• [Assignment] Without including any images, repeat the listing below exactly.

• [Information shown]
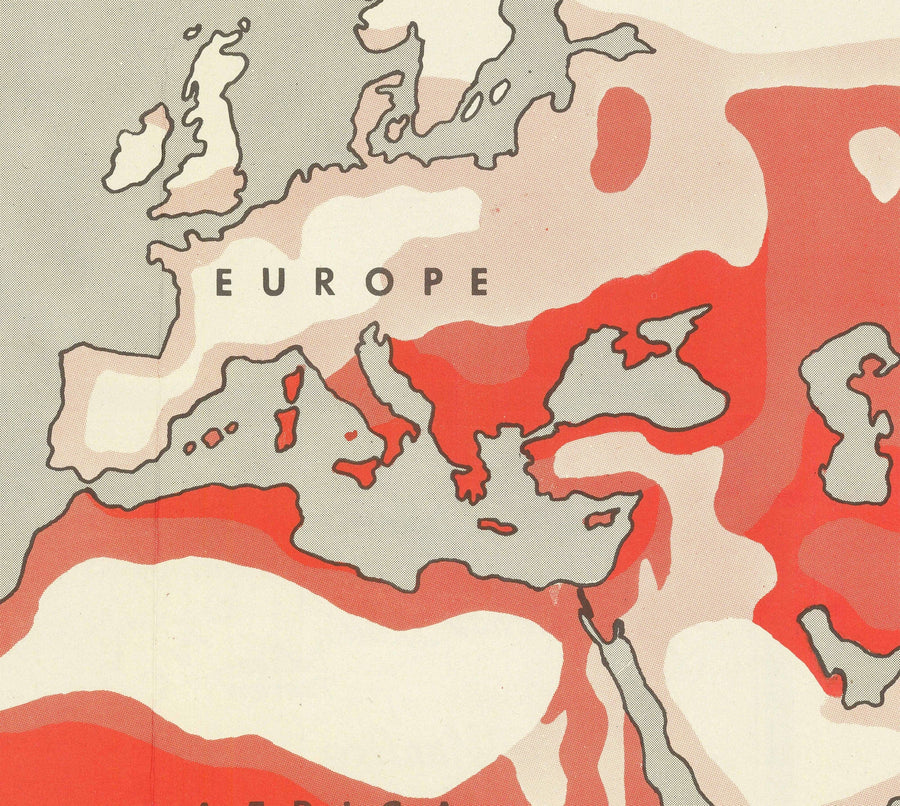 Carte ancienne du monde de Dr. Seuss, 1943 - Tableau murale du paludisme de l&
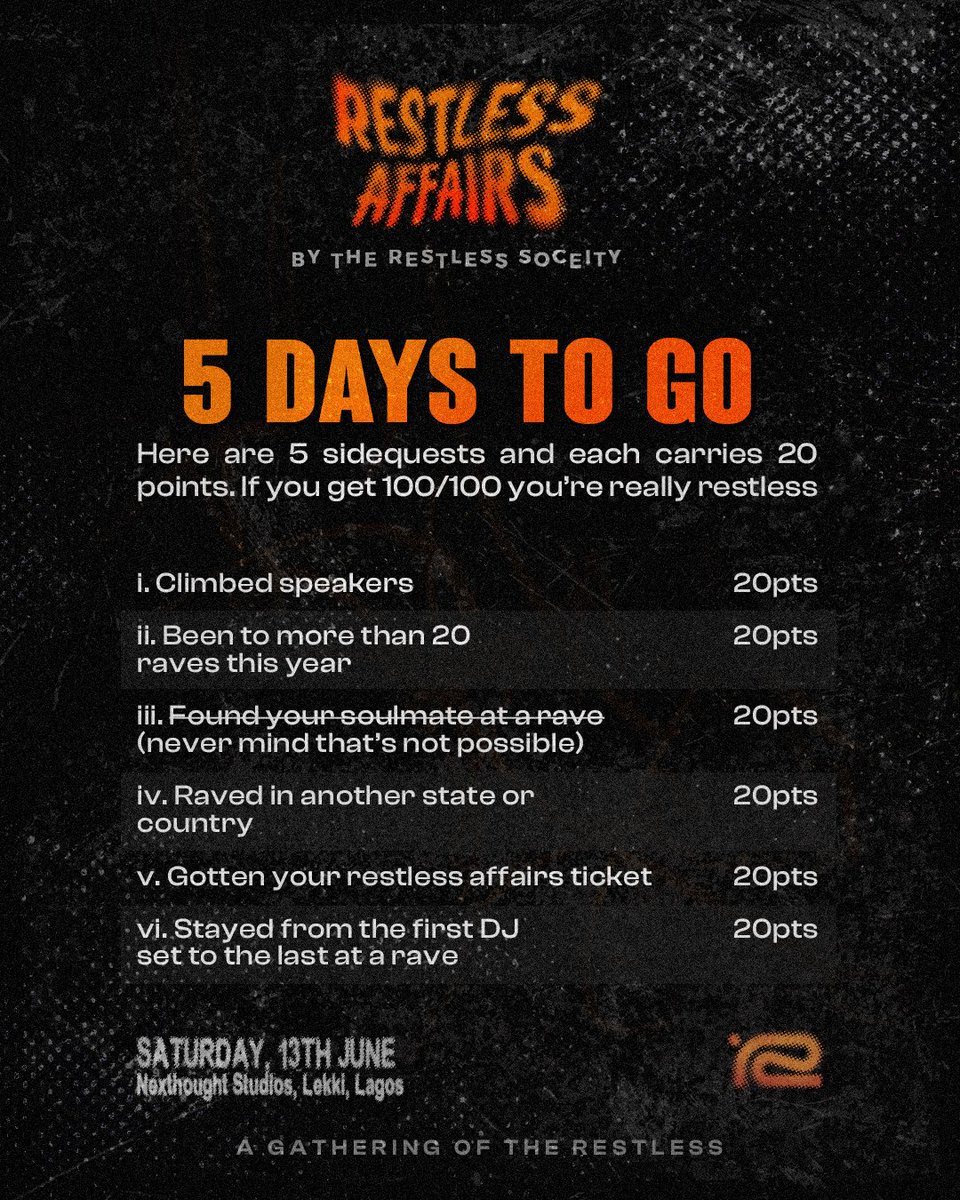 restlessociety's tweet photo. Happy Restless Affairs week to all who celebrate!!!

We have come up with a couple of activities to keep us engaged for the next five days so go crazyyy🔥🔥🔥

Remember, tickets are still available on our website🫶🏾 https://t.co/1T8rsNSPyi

• [Problem solution]
 Carte ancienne du monde de Dr. Seuss, 1943 - Tableau murale du paludisme de l&
 restlessociety's tweet photo. Happy Restless Affairs week to all who celebrate!!!

We have come up with a couple of activities to keep us engaged for the next five days so go crazyyy🔥🔥🔥

Remember, tickets are still available on our website🫶🏾 https://t.co/1T8rsNSPyi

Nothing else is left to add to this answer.